Vous avez une DMLA et une cataracte, et l’idée d’une opération vous inquiète. C’est une situation fréquente et une question légitime.
Ce guide vous explique clairement les bénéfices, les risques et comment prendre la bonne décision avec votre médecin.
Qu’est-ce que la DMLA et la cataracte ?
Avant de parler de l’opération, il faut bien comprendre ces deux pathologies. Elles touchent souvent les personnes après 50 ans, mais n’affectent pas l’œil de la même manière. La dégénérescence maculaire liée à l’âge (DMLA) et la cataracte sont deux choses bien distinctes.
Leur point commun ? Elles diminuent votre capacité à bien voir. Mais l’une touche la rétine, l’autre le cristallin.
La DMLA : une atteinte de la vision centrale
La DMLA est une maladie qui abîme le centre de votre rétine, une zone appelée la macula. La macula a un rôle clé pour la vision précise : lire, reconnaître des visages, voir les détails. Quand elle est atteinte, c’est votre vision centrale qui se dégrade.
Il existe deux formes principales de cette dégénérescence maculaire :
- La DMLA sèche (ou atrophique) : C’est la forme la plus courante (environ 85% des cas). Son évolution est lente et progressive. Les cellules de la macula disparaissent petit à petit, ce qui entraîne une baisse de vision sur plusieurs années.
- La DMLA humide (ou exsudative) : Plus rare mais plus agressive. De nouveaux vaisseaux sanguins anormaux se développent sous la rétine. Ils sont fragiles et peuvent laisser couler du liquide ou du sang. Cette forme provoque une perte de vision rapide si elle n’est pas traitée.

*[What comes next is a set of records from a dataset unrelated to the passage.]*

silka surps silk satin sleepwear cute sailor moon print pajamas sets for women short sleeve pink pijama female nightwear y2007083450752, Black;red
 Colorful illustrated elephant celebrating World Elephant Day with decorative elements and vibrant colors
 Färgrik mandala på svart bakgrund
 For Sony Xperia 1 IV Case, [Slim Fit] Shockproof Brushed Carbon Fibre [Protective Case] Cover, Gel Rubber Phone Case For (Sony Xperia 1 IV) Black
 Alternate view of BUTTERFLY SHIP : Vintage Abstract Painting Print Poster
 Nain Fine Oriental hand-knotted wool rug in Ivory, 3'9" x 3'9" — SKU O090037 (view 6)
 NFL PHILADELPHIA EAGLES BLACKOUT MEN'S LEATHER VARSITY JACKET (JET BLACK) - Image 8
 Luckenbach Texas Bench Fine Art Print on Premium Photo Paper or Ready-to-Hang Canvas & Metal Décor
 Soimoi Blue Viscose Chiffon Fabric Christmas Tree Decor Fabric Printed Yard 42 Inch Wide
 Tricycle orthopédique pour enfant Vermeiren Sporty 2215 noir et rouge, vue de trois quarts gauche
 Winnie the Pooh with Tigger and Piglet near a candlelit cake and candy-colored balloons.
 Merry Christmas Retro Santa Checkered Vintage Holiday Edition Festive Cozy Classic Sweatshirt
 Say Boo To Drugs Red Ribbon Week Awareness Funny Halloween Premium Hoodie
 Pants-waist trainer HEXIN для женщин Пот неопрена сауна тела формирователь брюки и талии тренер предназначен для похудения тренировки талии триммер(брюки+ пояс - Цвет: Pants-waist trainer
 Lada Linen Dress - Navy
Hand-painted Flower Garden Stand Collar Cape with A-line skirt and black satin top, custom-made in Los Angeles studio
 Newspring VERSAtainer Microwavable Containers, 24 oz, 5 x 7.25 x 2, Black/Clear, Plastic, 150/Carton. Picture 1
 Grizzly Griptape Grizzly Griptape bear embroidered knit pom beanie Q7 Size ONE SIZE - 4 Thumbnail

La cataracte : un voile sur le cristallin
La cataracte n’a rien à voir avec la rétine. C’est le cristallin qui devient opaque avec le temps. Le cristallin est une petite lentille transparente à l’intérieur de l’œil. Son rôle est de faire la mise au point, un peu comme l’objectif d’un appareil photo.
Avec l’âge, cette lentille perd sa transparence. La vision devient alors floue, comme à travers une vitre sale ou un voile. Les couleurs paraissent plus ternes et on est plus sensible à l’éblouissement, surtout la nuit. L’opération de la cataracte consiste à remplacer ce cristallin opaque par une lentille artificielle transparente.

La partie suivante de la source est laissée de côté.